Doctor of Philosophy


Chemical Engineering

Major Professor

Paul R. Bienkowski

Committee Members

Robert M. Counce, Paul D. Frymier, Gary S. Sayler


The process of sensing an attractant chemical by a motile bacterium and subsequent motion towards that attractant, known as chemotaxis, occurs in Escherichia coli, Pseudomonas putida G7, Rhizobium meliloti, and several other subsurface strains. To date, there have been no widely accepted experimental studies that demonstrate whether bacterial chemotaxis can enhance biodegradation of contaminants in the subsurface. This research investigates the effect of bacterial chemotaxis on degradation rate in an experimental model for in situ bioremediation. The novel experimental protocols of this work, developed to investigate bacterial chemotaxis and migration, have provided for the systematic evaluation of the effect of the chemotaxis phenomena in a porous medium. The hypothesis formulated is that a bacterium undergoing chemotaxis in a porous medium will be able to sense an attractant chemical, bias its motion towards it, and subsequently degrade the attractant at a higher rate than a strain exhibiting non-chemotactic behavior.
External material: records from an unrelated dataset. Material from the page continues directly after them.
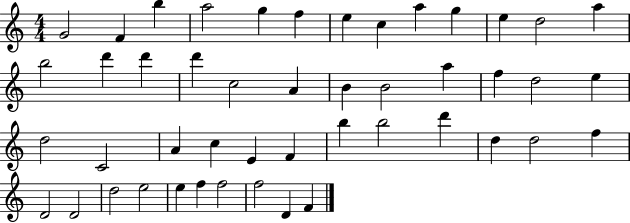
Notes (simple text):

G4/h F4/q B5/q A5/h G5/q F5/q E5/q C5/q A5/q G5/q E5/q D5/h A5/q B5/h D6/q D6/q D6/q C5/h A4/q B4/q B4/h A5/q F5/q D5/h E5/q D5/h C4/h A4/q C5/q E4/q F4/q B5/q B5/h D6/q D5/q D5/h F5/q D4/h D4/h D5/h E5/h E5/q F5/q F5/h F5/h D4/q F4/q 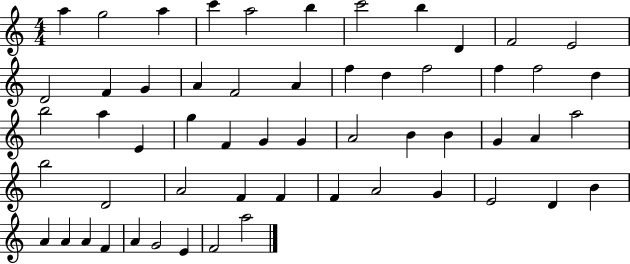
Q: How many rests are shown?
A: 0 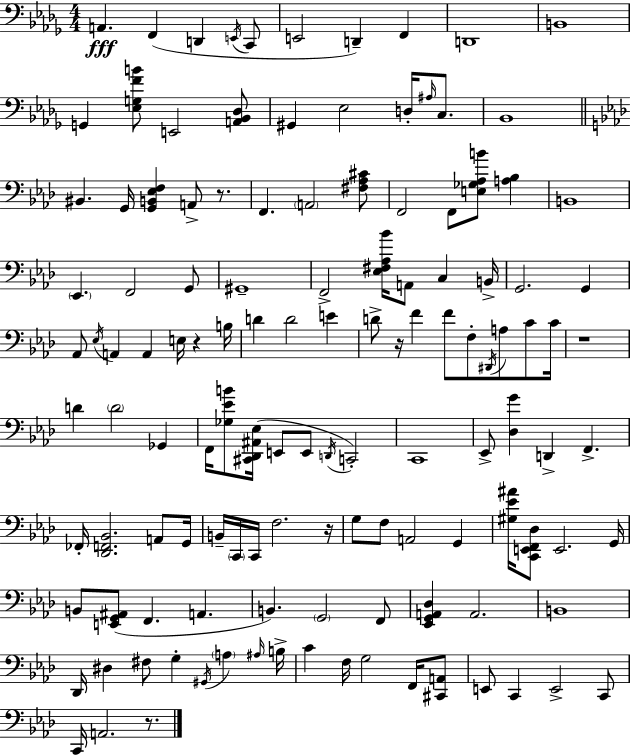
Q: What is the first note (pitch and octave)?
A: A2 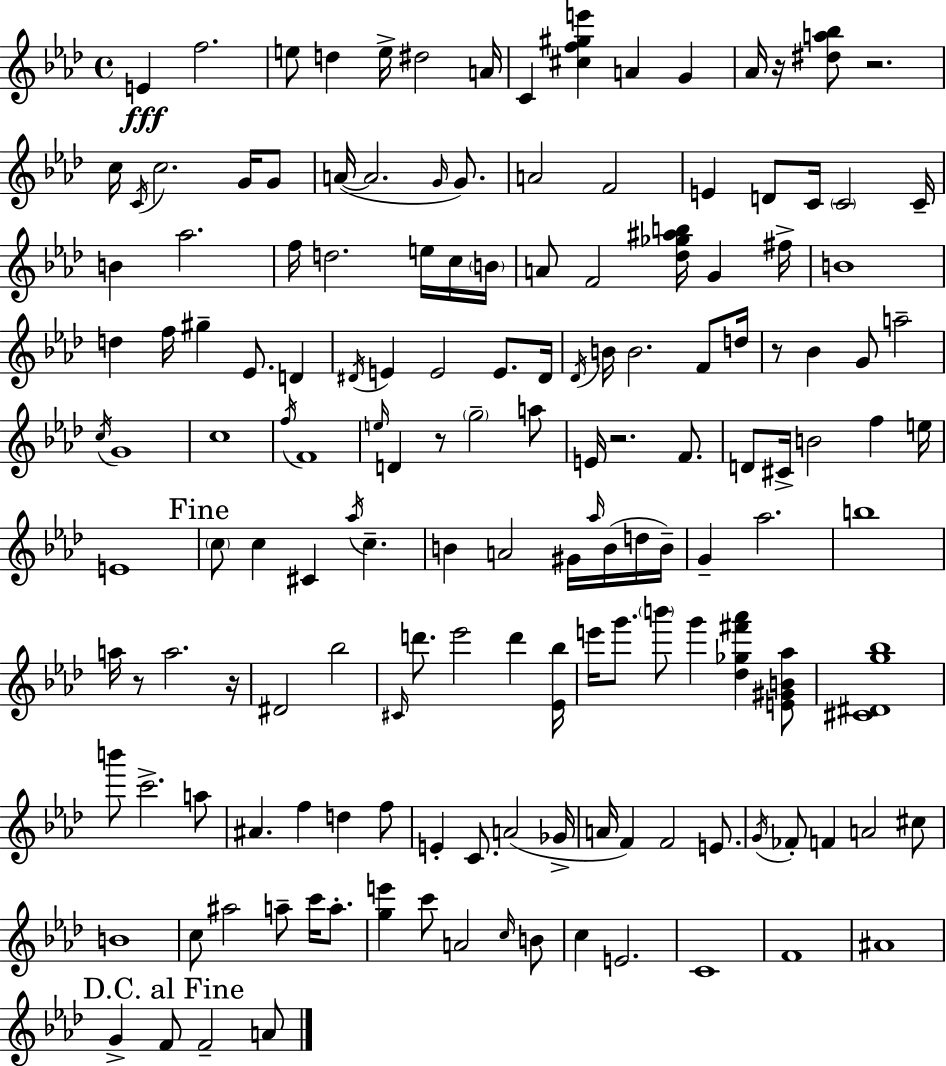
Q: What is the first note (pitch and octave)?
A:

The experimental model has been developed to measure the degradation rate of serine, a simulated contaminant and chemoattractant. E. coli RP437 was used as a representative chemotactic in situ bacteria while E. coli RP5700, a tsr-mutant strain of RP437 that lacks the serine chemoreceptor, was used as the control strain. RP5700 exhibits random motility similar to RP437, regardless of serine gradients. These two strains were highly characterized for this work, a process which was rigorous and performed in more detail than in prior works. Chemotactic ability of RP437 toward serine was validated via capillary and swarm plate assays. Swimming speeds, run lengths, and turn angles were compared using a tracking microscope and were statistically similar. Serine uptake rates in liquid media were also statistically similar. These results show that these strains are suitable for investigating any enhancing effect of chemotaxis on biodegradation rate.

For in situ bioremediation experiments, a model aquifer has been designed to introduce RP437 and RP5700 bacteria to serine in saturated sand via a sharp gradient. The aquifer was used to compare serine degradation rates and migration rates through sand. Results showed that the degradation rate of serine was statistically similar for both strains over a 21 hour period, indicating that enhancement was not detected. The experimental parameters chosen for this study did not elucidate degradation or migration enhancements due to chemotaxis. However, the experimental methodologies developed to acquire these results represent novel contributions to the field of chemotaxis analysis in porous media. These methodologies can easily be extended for the variation of other sets of parameters, such as particle size, cell densities, growth conditions, and selection of chemoattractants.